▶ **Task directions**: Starting with the line below that holds "Imagen de Bright" and stopping after the line that holds "AIC Steuerkettensatz 71636set für BMW", transcribe the lines exactly, leaving out all pictures.

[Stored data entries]

********

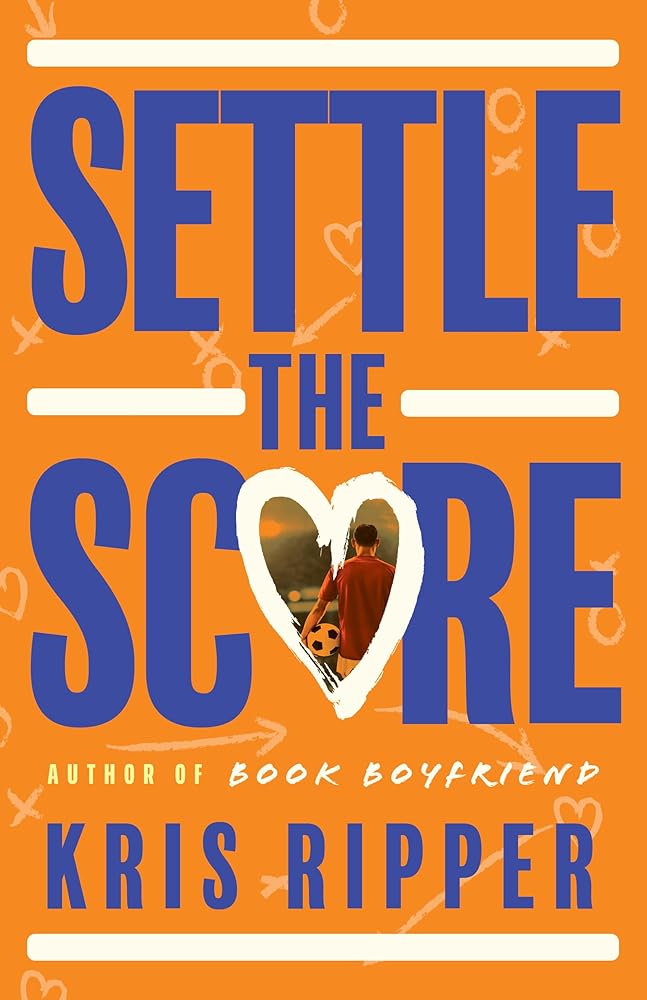 Settle the Score cover image
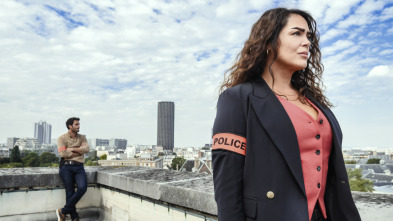 Imagen de Bright minds (T3): Ep.3 Nativos - 3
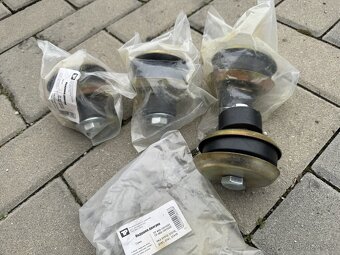Lada Vaz Žiguli, koberec podlahy kompletní - 4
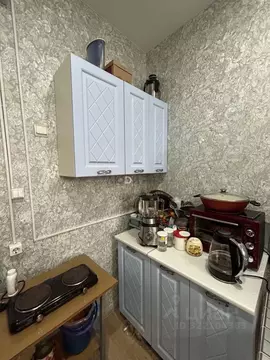 Комната Башкортостан, Уфа ул. Мира, 22 (18.1 м)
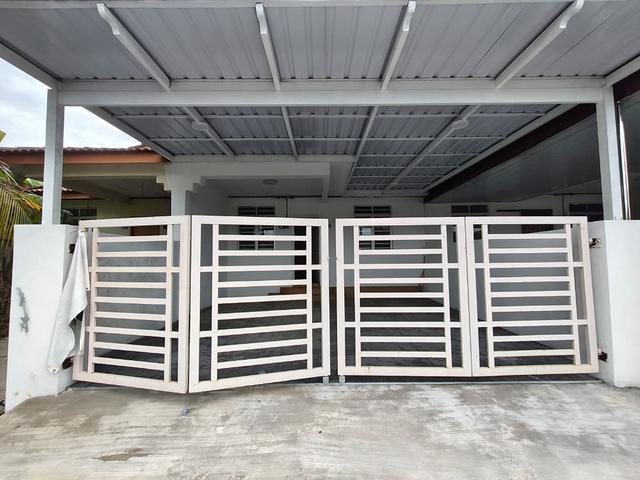 Taman Seri Bayu Fully Renovated Sungai Lalang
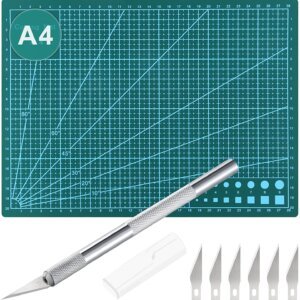 Self Healing Mat A4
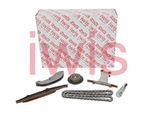 AIC Steuerkettensatz 71636set für BMW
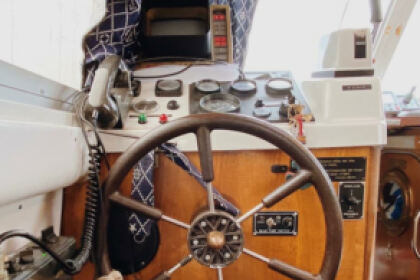 Location Bateau à moteur Beneteau Antares 730 Lausanne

********

▶ **Written solution**:
 Imagen de Bright minds (T3): Ep.3 Nativos - 3
Lada Vaz Žiguli, koberec podlahy kompletní - 4
 Комната Башкортостан, Уфа ул. Мира, 22 (18.1 м)
 Taman Seri Bayu Fully Renovated Sungai Lalang
 Self Healing Mat A4
 AIC Steuerkettensatz 71636set für BMW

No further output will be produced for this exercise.